Build Log 2 — Capturing the Whole Lifecycle, and Shipping v1

A magnifier lens and scan beam sweeping a glowing strip of data tape, freezing on a clump of marks collapsed onto one point and flagged with a red X — an inspector catching the data lying

Build Log 1 proved one link in the chain: a spec-kit after_specify hook writes my state file, and the SpecKit Companion GUI lights up from it. One write. That's a spike, not a product.

The problem shows up the second you do anything past specify. Plan, tasks, implement, none of them are captured, so the moment you move forward, the GUI is showing a half-truth. And it gets worse: spec-kit hooks are agent-mediated. They fire only if the agent runs them. Skip a command, run one out of band, open an old project that never had the extension, and the hook never fires at all. The GUI doesn't just go stale. It goes blind.

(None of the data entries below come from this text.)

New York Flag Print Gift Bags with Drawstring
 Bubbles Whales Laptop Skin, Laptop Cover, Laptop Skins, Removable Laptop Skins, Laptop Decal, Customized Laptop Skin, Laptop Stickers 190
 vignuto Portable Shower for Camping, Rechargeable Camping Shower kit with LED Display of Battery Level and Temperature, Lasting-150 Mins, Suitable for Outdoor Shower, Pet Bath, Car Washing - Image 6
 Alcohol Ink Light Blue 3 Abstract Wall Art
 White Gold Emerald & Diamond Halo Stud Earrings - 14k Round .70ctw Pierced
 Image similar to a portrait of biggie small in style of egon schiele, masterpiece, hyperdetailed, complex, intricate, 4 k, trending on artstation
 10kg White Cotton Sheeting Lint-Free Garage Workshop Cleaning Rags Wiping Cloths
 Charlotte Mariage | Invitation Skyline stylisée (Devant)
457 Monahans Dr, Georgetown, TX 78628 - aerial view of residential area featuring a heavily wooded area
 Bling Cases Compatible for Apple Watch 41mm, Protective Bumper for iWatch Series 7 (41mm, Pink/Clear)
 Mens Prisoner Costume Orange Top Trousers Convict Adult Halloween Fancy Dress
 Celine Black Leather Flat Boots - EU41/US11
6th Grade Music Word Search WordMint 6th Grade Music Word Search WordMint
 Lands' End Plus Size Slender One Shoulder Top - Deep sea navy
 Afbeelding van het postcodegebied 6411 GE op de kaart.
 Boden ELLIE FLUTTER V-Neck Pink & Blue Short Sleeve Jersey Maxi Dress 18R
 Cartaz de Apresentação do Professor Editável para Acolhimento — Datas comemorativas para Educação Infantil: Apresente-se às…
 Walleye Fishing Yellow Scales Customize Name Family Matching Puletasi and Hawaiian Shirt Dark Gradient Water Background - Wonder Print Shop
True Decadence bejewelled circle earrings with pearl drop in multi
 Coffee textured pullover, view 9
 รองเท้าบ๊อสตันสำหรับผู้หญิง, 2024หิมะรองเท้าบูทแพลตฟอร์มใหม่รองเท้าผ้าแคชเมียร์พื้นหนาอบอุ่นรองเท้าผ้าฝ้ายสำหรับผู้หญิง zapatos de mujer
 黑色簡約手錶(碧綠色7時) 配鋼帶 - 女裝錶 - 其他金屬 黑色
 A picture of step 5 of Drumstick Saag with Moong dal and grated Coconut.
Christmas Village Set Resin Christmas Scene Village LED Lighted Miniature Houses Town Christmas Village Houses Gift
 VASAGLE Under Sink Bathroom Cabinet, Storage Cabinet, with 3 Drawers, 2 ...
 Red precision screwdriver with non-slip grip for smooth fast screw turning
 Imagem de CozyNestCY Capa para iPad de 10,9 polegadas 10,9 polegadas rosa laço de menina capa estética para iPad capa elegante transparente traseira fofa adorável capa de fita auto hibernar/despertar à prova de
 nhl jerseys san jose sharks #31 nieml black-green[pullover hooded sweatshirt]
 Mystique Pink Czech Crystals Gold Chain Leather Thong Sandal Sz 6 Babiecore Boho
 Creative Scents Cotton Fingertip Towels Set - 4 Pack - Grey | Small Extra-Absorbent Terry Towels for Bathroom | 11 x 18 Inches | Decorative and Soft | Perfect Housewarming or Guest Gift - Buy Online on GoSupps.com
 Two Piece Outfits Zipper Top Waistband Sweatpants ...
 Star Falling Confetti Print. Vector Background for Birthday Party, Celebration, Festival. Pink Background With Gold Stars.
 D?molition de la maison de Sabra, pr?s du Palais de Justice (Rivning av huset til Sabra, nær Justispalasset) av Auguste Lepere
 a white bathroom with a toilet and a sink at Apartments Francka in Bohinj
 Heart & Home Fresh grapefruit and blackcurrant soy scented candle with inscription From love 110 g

So this log has one job: capture the whole lifecycle, and never lie about state, even when a hook didn't fire. When that holds, v1 ships, tracking and resume on any spec-kit project, with zero template changes.

What I built

Three things stacked on each other: the rest of the capture chain, a safety net for when a hook doesn't fire, and the two commands that finally make the captured state useful.

The lifecycle hooks. Build Log 1 had one hook. Now there are four, each backed by a per-step capture command that reuses the same write-context.py writer.

# 📃 speckit-extension/extension.yml
hooks:
  after_specify: { command: speckit.companion.capture, optional: false }
  after_plan: { command: speckit.companion.capture-plan, optional: false } # 👈 new
  after_tasks: { command: speckit.companion.capture-tasks, optional: false } # 👈 new
  after_implement: { command: speckit.companion.capture-implement, optional: false } # 👈 new

Each one appends an entry to history[], the canonical event journal, and advances currentStep and status. (The old name transitions[] is gone. One journal, one name.) Inside implement, each completed - [x] **T###** task gets its own entry, recorded as a substep so the viewer never mistakes a single task for the whole step finishing.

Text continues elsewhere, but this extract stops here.